= What you should do =
Could you copy every record exactly, leaving the pictures behind?

= Data extracts =
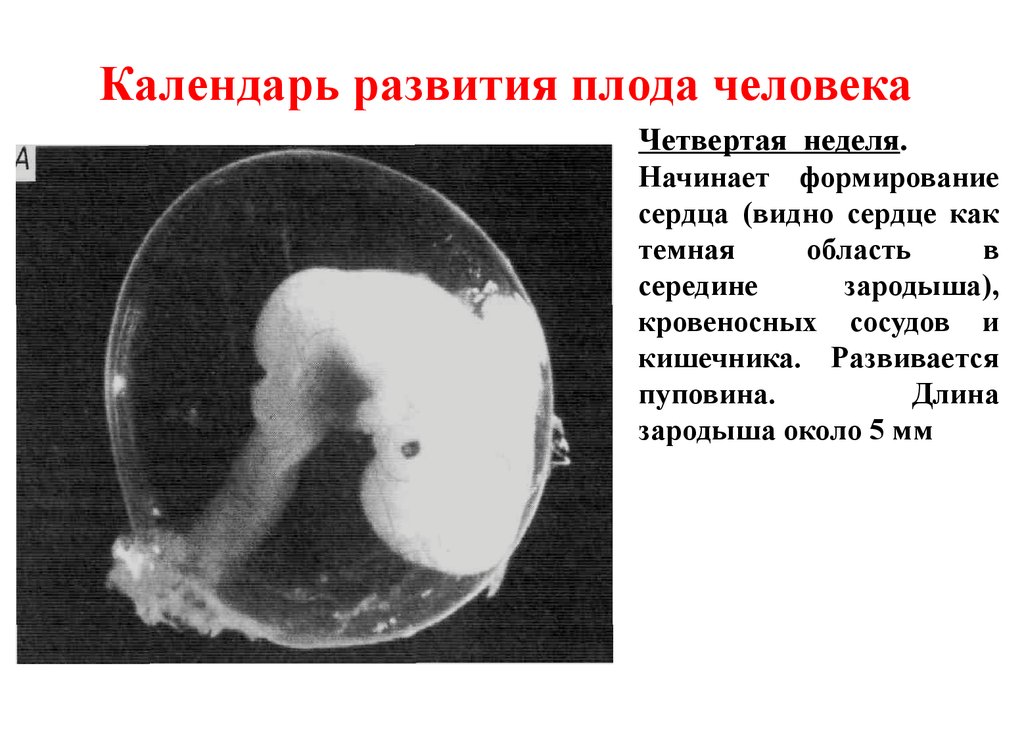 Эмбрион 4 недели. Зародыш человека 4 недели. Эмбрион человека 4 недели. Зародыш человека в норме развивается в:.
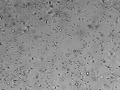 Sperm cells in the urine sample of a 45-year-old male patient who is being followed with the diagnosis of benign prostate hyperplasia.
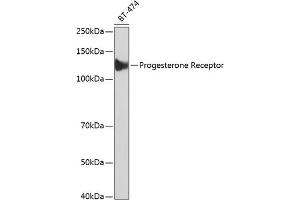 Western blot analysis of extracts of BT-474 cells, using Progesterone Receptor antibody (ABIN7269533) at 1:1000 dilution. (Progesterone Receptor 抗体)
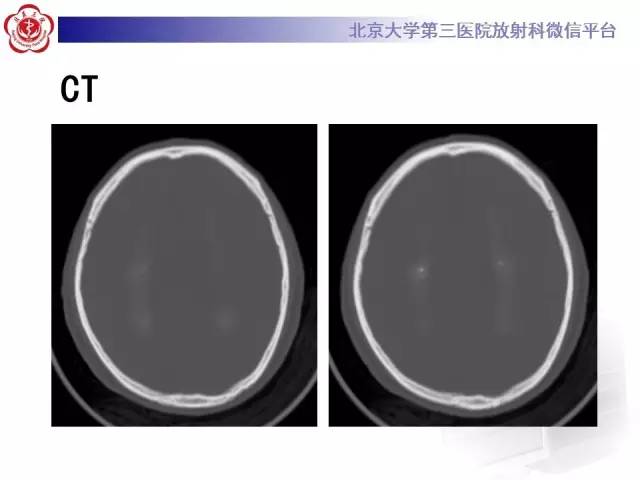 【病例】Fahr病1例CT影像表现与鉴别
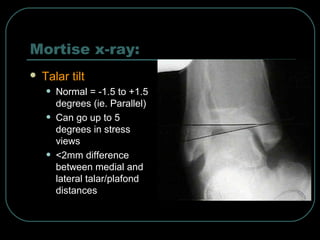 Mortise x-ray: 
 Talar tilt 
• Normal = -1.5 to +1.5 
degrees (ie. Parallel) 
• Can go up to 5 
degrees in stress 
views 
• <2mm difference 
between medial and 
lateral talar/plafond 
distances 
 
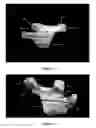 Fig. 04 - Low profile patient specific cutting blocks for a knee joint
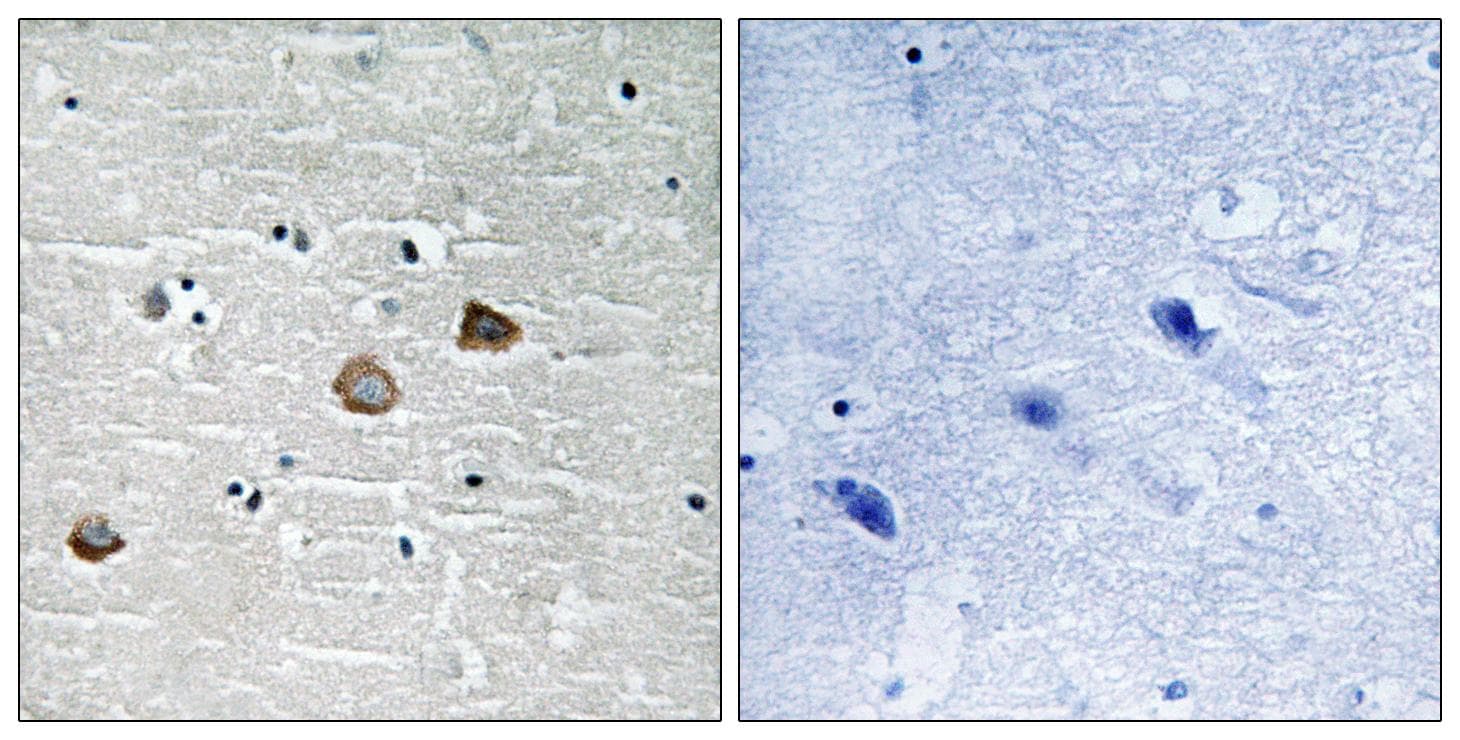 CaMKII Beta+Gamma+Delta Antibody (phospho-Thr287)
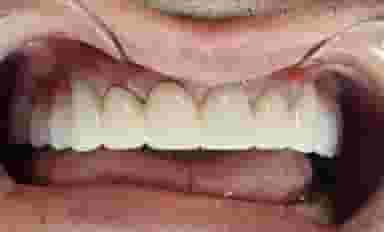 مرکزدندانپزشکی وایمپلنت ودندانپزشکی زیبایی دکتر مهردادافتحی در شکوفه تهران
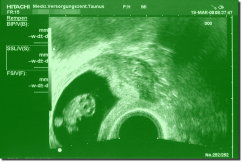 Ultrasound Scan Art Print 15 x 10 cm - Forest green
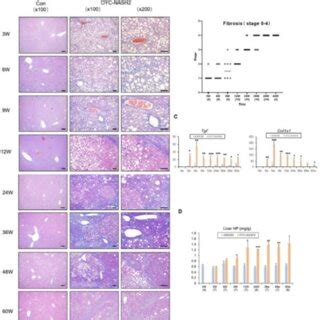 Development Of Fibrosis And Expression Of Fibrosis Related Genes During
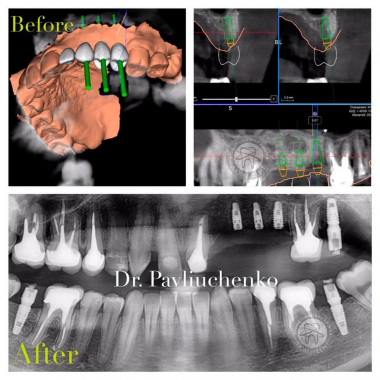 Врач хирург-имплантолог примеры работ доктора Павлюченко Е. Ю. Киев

= Output for this exercise =
 Эмбрион 4 недели. Зародыш человека 4 недели. Эмбрион человека 4 недели. Зародыш человека в норме развивается в:.
 Sperm cells in the urine sample of a 45-year-old male patient who is being followed with the diagnosis of benign prostate hyperplasia.
 Western blot analysis of extracts of BT-474 cells, using Progesterone Receptor antibody (ABIN7269533) at 1:1000 dilution. (Progesterone Receptor 抗体)
 【病例】Fahr病1例CT影像表现与鉴别
 Mortise x-ray: 
 Talar tilt 
• Normal = -1.5 to +1.5 
degrees (ie. Parallel) 
• Can go up to 5 
degrees in stress 
views 
• <2mm difference 
between medial and 
lateral talar/plafond 
distances 
 
 Fig. 04 - Low profile patient specific cutting blocks for a knee joint
 CaMKII Beta+Gamma+Delta Antibody (phospho-Thr287)
 مرکزدندانپزشکی وایمپلنت ودندانپزشکی زیبایی دکتر مهردادافتحی در شکوفه تهران
 Ultrasound Scan Art Print 15 x 10 cm - Forest green
 Development Of Fibrosis And Expression Of Fibrosis Related Genes During
 Врач хирург-имплантолог примеры работ доктора Павлюченко Е. Ю. Киев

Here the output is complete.